È impressionante, infatti, rilevare quanto siano numerose le analogie (perverse) che contrassegnano, anche in settori assai diversi e apparentemente non confrontabili come quello dell'istruzione universitaria e della sanità, «la trasversalità del particolarismo» italiano e il pervicace radicamento sul territorio dei nostri costumi e dei nostri atteggiamenti gestionali: abbiamo 300 sedi universitarie (per più di 80 università) e circa mille ospedali (tra grandi, medi, piccoli e "microbici").
Sono decenni (o forse secoli!) che non riusciamo a stratificare e distribuire "la competenza" sul territorio, secondo criteri di merito e razionalità.

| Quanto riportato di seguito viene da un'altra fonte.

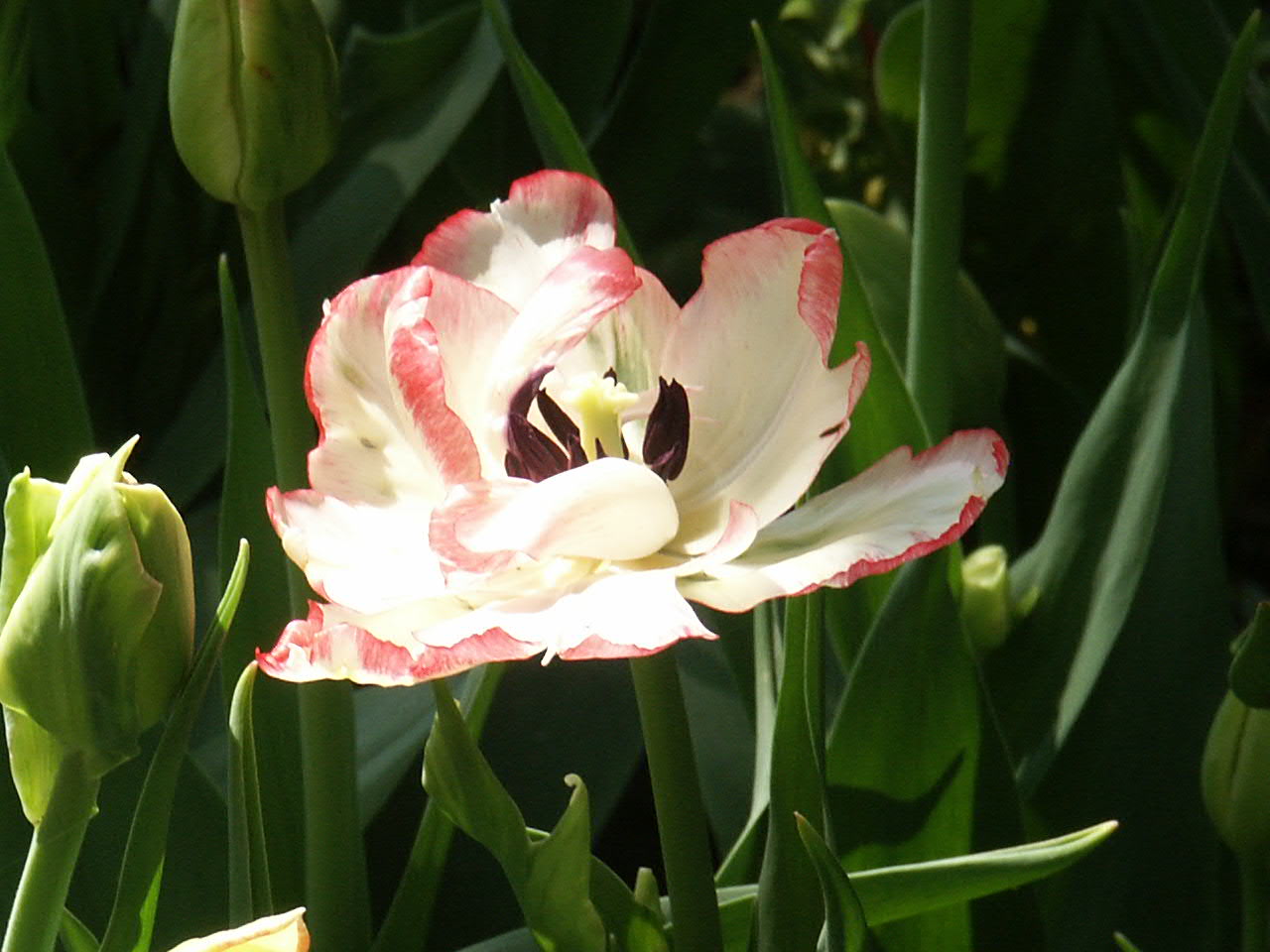 Тюльпан флэминг маргарита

L'attuale governo sta muovendo i primi passi - gliene va dato atto - per favorire lo sviluppo competitivo degli atenei e per ridurre, conseguentemente, il numero delle cattedre universitarie, con la speranza di creare anche le condizioni per la nascita di veri e propri siti d'eccellenza, che ci trascinino fuori dalla soglia vergognosa del 200° posto nelle classifiche internazionali.
Su tutt'altro fronte si tenta - con lo strumento (per ora filosofico) del federalismo fiscale e con progetti generati "al centro" e poi faticosamente negoziati con la "periferia", cioè con le regioni - di razionalizzare la rete ospedaliera per ridurre il numero dei piccoli ospedali (meglio sarebbe eliminarli del tutto): luoghi di sperpero delle risorse, ma soprattutto luoghi a rischio per l'assistenza sanitaria, come le recenti cronache tristemente testimoniano.
Per cogliere l'insieme di questi obiettivi e far sì che non siano solo proclami elettorali o, più semplicemente, chimere politiche, occorrerà combattere una guerra durissima contro l'egoismo civile, contro i privilegi consolidati nel tempo, contro il provincialismo cocciuto e miope e, in sintesi, contro la mentalità di tutti coloro - e sono tanti, anche nell'apparato dello stato - che vogliono avere un'università e un ospedale vicino a casa, così come il campanile, lo stadio e gli uffici comunali. E non dimentichiamoci anche degli aeroporti.
Deteniamo forse il poco invidiabile primato in Europa per densità di siti aeroportuali sul nostro territorio, con un'enorme dispersione di investimenti e risorse.
Il tempo sembra essersi fermato. Continuiamo ad agire tutti come figli, o meglio pronipoti, della cultura medioevale degli staterelli, dei feudi dominati da vassalli, valvassori e valvassini.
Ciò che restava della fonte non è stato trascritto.